Le notizie di oggi parlano di un governatore provinciale ucciso da un kamikaze e di un'attacco della Nato nel sud del paese, costato la vita a un soldato dell'Alleanza atlantica e a 94 miliziani. Roba di tutti i giorni, si può dire, in quella che è una guerra guerreggiata mai conclusa veramente. Eppure è il contesto che sta prendendo contorni sconvolgenti.

L'Afghanistan sembrava una guerra ormai vinta: li ricordate i profeti entusiasti della Pax Neoconservatrice celebrare l'Afghanistan libero e democratico? Beh la guerra non solo non era ancora vinta, ma gli Stati Uniti e la Nato sembrano star facendo di tutto per perderla. Per esempio, hanno messo sul terreno solo 40 mila uomini. La Nato sta chiedendo ai paesi membri uno sforzo di altri 2.000-2.500 uomini, ma ci vorrebbe ben altro per controllare il territorio. In Iraq solo gli americani hanno 140mila soldati...

Sul terreno le cose si mettono male, anche perché il vecchio tutore dei talebani, il Pakistan, sta tornando alle vecchie posizioni pre-11 settembre. Il generale Pervez Musharraf non è mai stato così debole: puntellandosi ai partiti islamici, cerca di resistere agli attacchi che gli vengono da ambienti militari sempre più ostili e sempre più vogliosi di rimettere a Kabul qualche fantoccio manovrabile. Il tutto mentre le zone tribali al confine con l'Afghanistan, il Waziristan, restano al di fuori del controllo di Islamabad.

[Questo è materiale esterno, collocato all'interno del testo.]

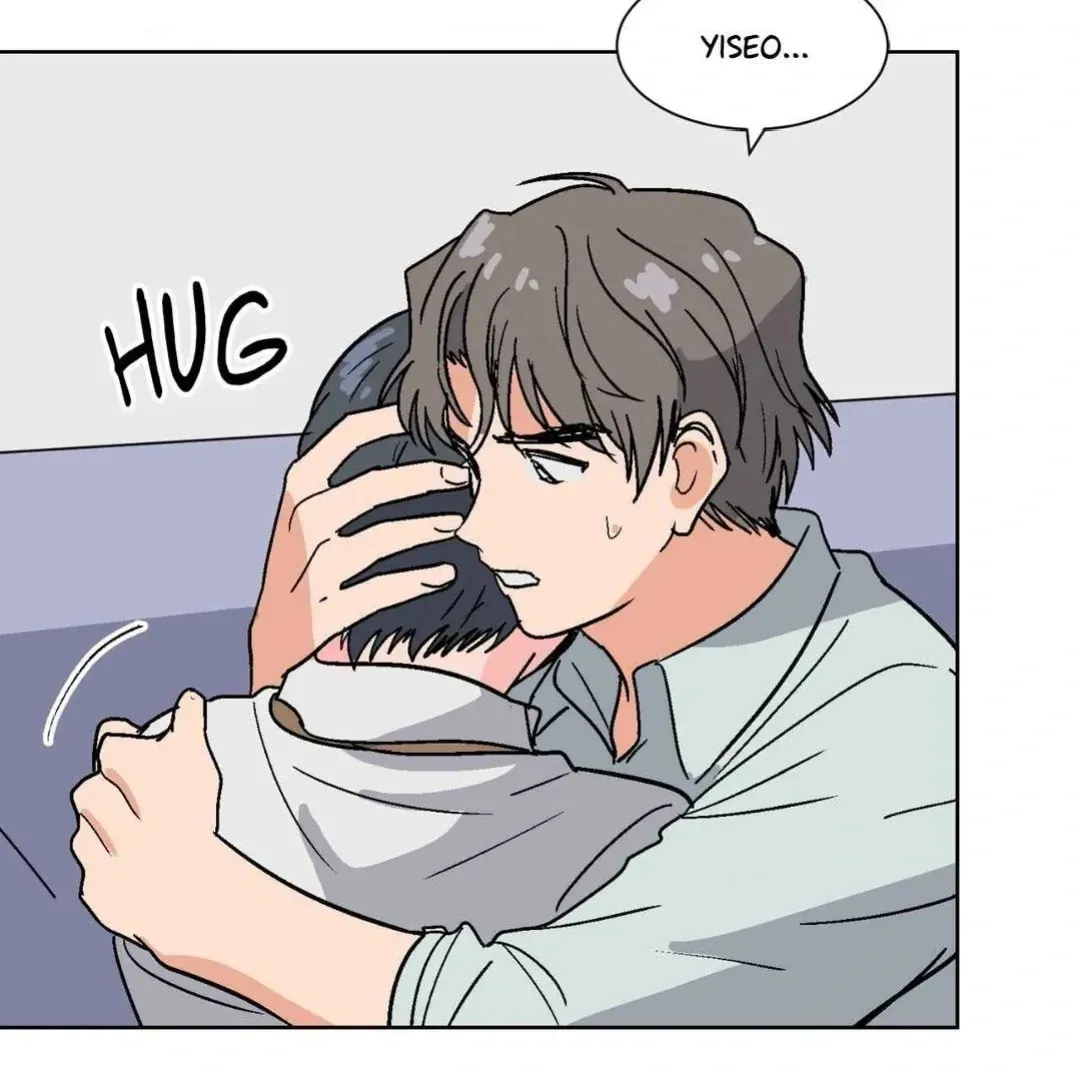 Read Drunken Confessions chapter 28 image 30 on Lezhin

Il Pakistan ha di fatto siglato una tregua coi talebani. Secondo le notizie diffuse dall'intelligence Usa, il capo dei talebani, il misterioso mullah Omar, si nasconderebbe (ma mica tanto nascostamente...) proprio in quelle zone tribali pachistane. Islamabad avrebbe ormai rinunciato a dare la caccia a lui e agli uomini di al Qaida (tra cui forse Osama Bin Laden e Ayman al Zawahiri).

L'accordo, spiega in una corrispondenza per Asia Times Online il giornalista Syed Saleem Shahzad, prevederebbe anche la liberazione di una serie di uomini di primo piano di al Qaida e dei talebani, prigionieri in carceri pachistane. Tra questi Ghulam Mustafa, considerato il capo qaedista in Pakistan.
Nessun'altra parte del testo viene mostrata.